6. More Focus on User Education and Training:
The U.S. Department of Defense Directive 8570.1, Information Assurance Training, Certification, and Workforce Management, approved in December of 2005, requires every full- and part-time military service member, defense contractor, civilian and foreign employee with privileged access to a DoD system, regardless of job series or occupational specialty, to obtain a commercial certification credential that has been accredited by the American National Standards Institute (ANSI). The objective is to ensure that 100% of all DoD employees and contractors are certified and trained by 2010. For all DoD employees, including both civilian and military, the DoD funds the entire cost of certification. They also take up the cost for remediation in case employees do not pass the certification exam the first time.
The Service for Scholarship program is a unique program designed to increase and strengthen the cadre of federal information assurance professionals that protect the government's critical information infrastructure. This program provides scholarships in exchange for government service in the information assurance field, that fully fund the typical costs that students pay for books, tuition, and room and board while attending an approved institution of higher learning. The scholarships are funded through grants awarded by the National Science Foundation.
"Under the new cybersecurity policy released by the government, the scope and funding for both the DoD Directive training and certification policy and scholarship for service program is enhanced," says Roberson. A lot of federal agencies and departments are hiring students from these programs to fulfill their need for trained security professionals, she says. "There is again, bigger emphasis by the administration on user education and training by reaching younger generation of students who are typically in their K- 12th year of education".
"The government is now clearly recognizing the value of on going education and training required for critical skills and hands on information security and IT positions and is moving toward certification and education in a more holistic manner," says Tipton.
Government Career Resources
Interested in one of these prospective government opportunities? Here's where you can turn for more details:
- www.usajobs.gov - This is a United States Office of Personnel Management website. USAJOBS is the Federal Government's official one-stop source for federal jobs and employment information. Currently, there are 47,303 U.S. Government job opportunities worldwide.
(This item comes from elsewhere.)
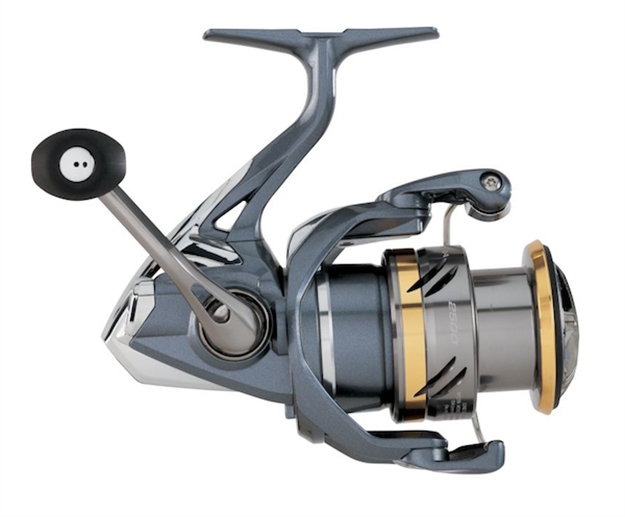 Picture of Shimano Ultegra 6.0 5Bb Spin Reel Ultc3000hgfb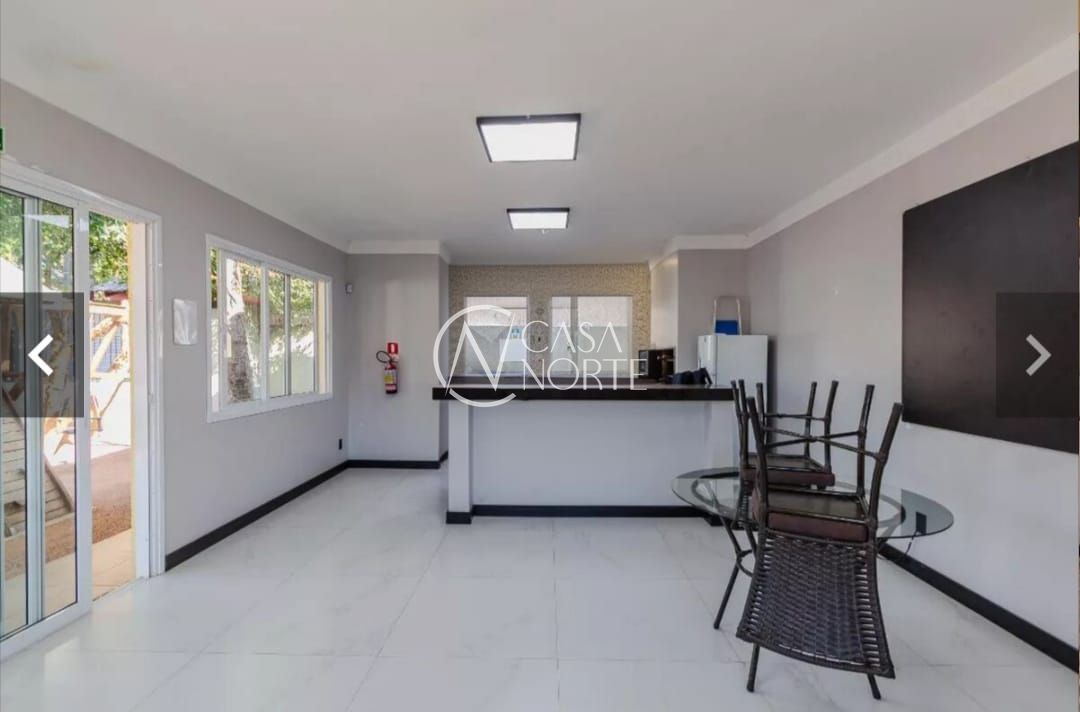 Casa de Condomínio à venda com 2 quartos, 59m², 1 vaga, Rua Coronel Frederico Carlos Gomes no bairro Vila Nova em Porto Alegre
That site has recently added a link for positions created by the stimulus package. Many of those positions will be filled through accelerated hiring procedures. To access that directly, go to http://jobsearch.usajobs.gov/a9recoveryjobs.asp.
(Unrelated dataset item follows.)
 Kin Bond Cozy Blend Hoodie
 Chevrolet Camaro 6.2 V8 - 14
- Prospective job candidates can access the exclusive job listing at individual federal agencies from http://dcjobsource.com/fed.html. Visiting the individual web sites of different federal agencies also helps as often each agency has its own special job positions and requirements posted on their website.
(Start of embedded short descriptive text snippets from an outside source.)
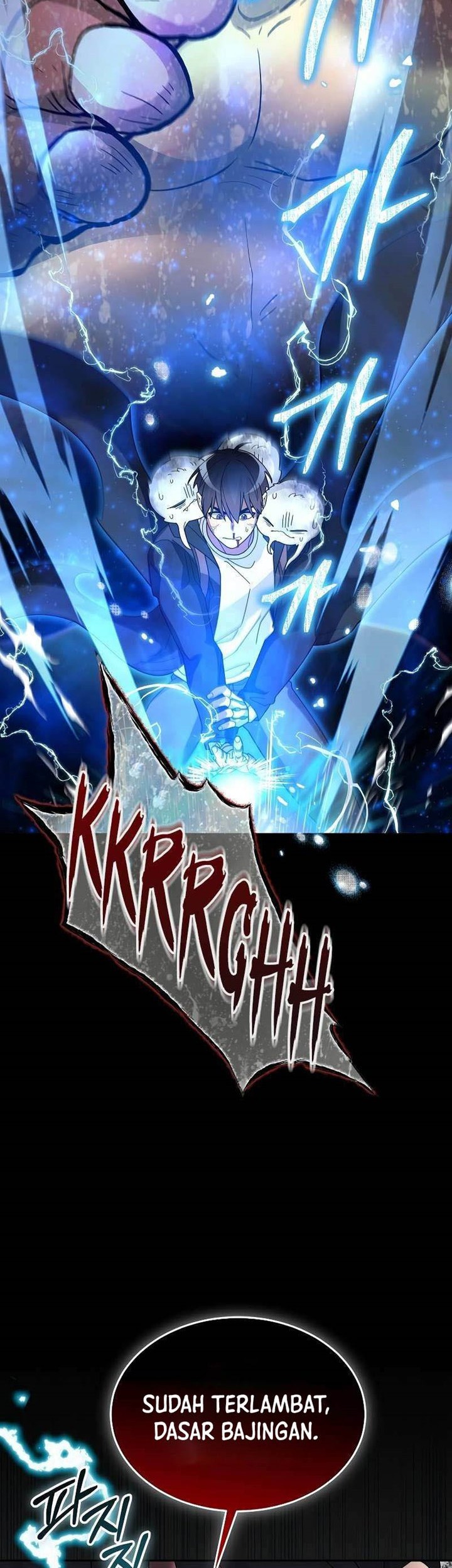 The Newbie Is Too Strong Chapter 61 Gambar 48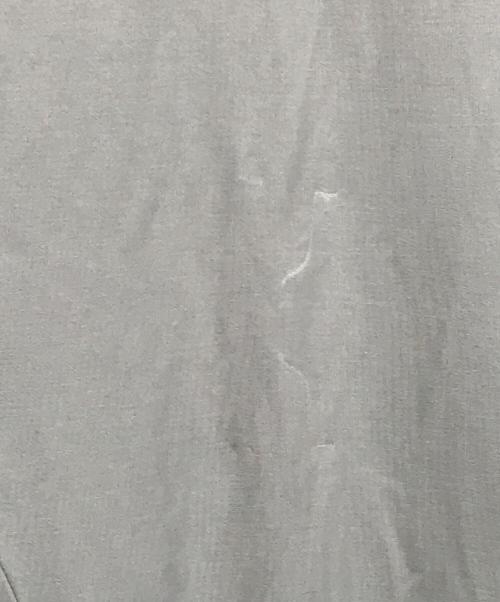 anuans（アニュアンス）anuans (アニュアンス) アシメヘムVネックカットワンピース ミントグリーン サイズ:Sの古着・服飾アイテム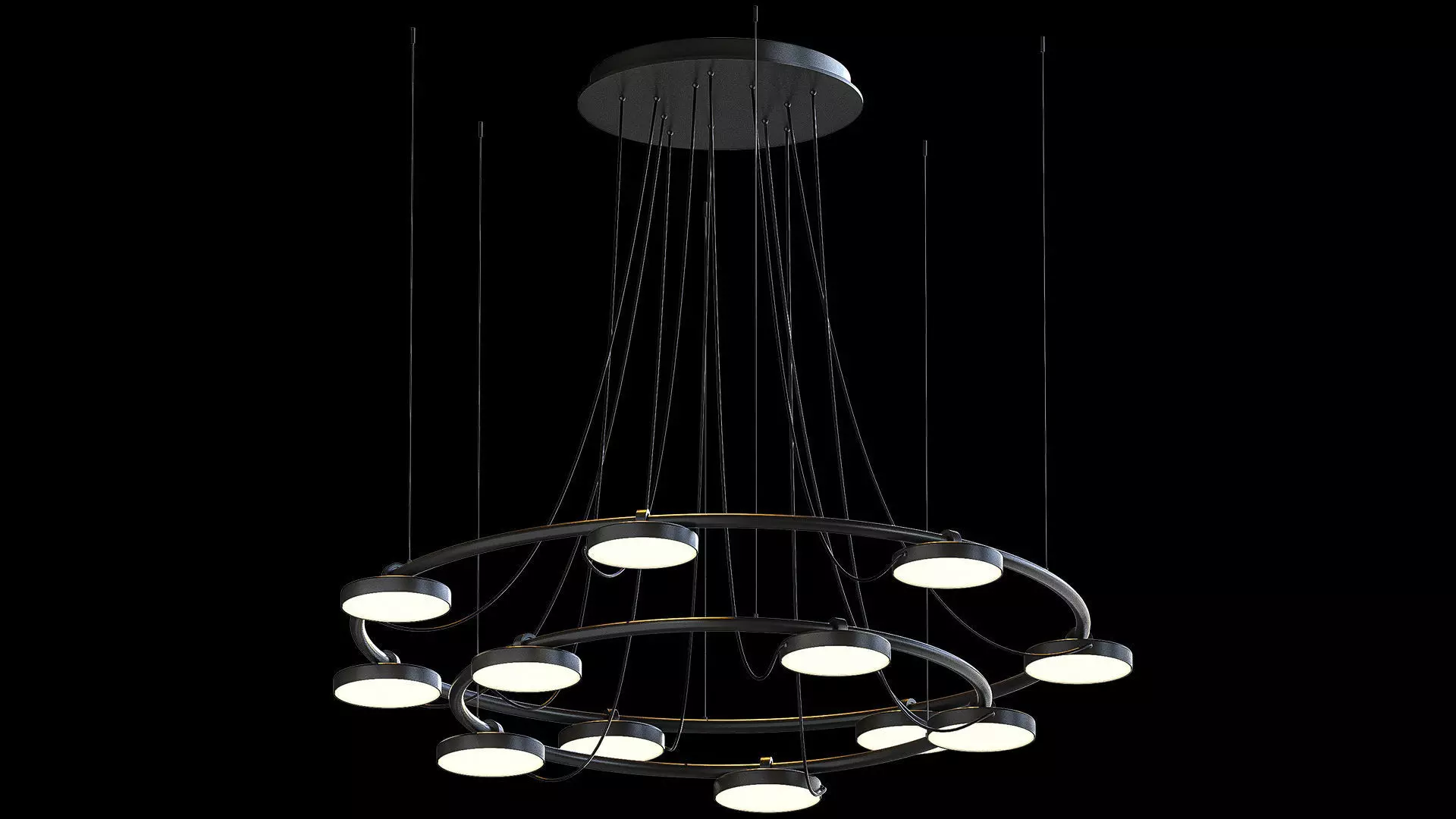 Estiluz Aro 3D model_0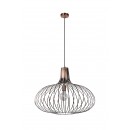 Lucide 78374/65/17 závěsné stropní svítidlo Manuela 1x60W|E27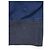 Felpa con collo rotondo e patch teschio Alexander McQueen in cotone blu Blu navy - vista 14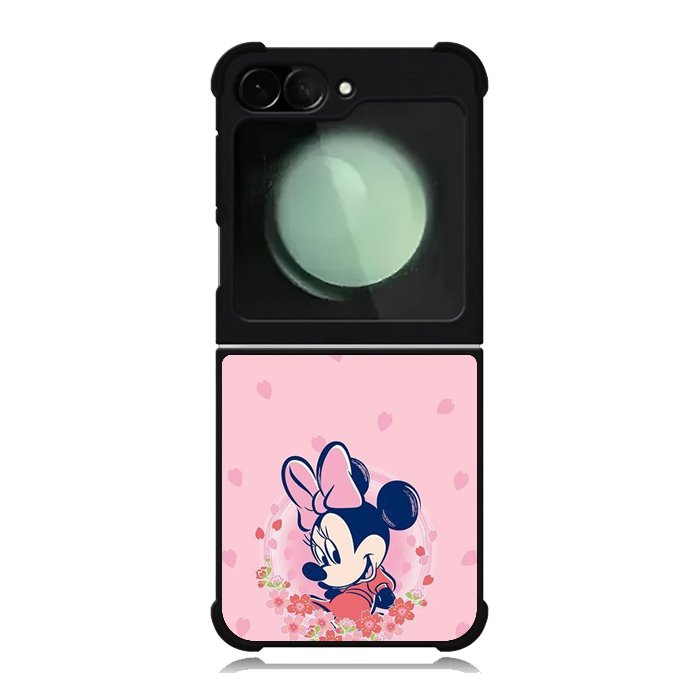 Minnie Mouse Samsung Galaxy Z Flip 6 5G 2024 Case OV3208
- Federal Bureau of Investigation, National Security Agency and Treasury Department, often fill unadvertised openings at job fairs. Some are listed at www.govcentral.com/careers/articles/1871 and at www.fedjobs.com/chat/jobfairs.html.
- Candidates looking for jobs with government contractors can visit www.fedbizopps.gov and www.recovery.gov to accelerate their job search initiatives.
- For current students who are seeking internships within the government two good resourceful sites are - www.makingthedifference.org and www.studentjobs.gov.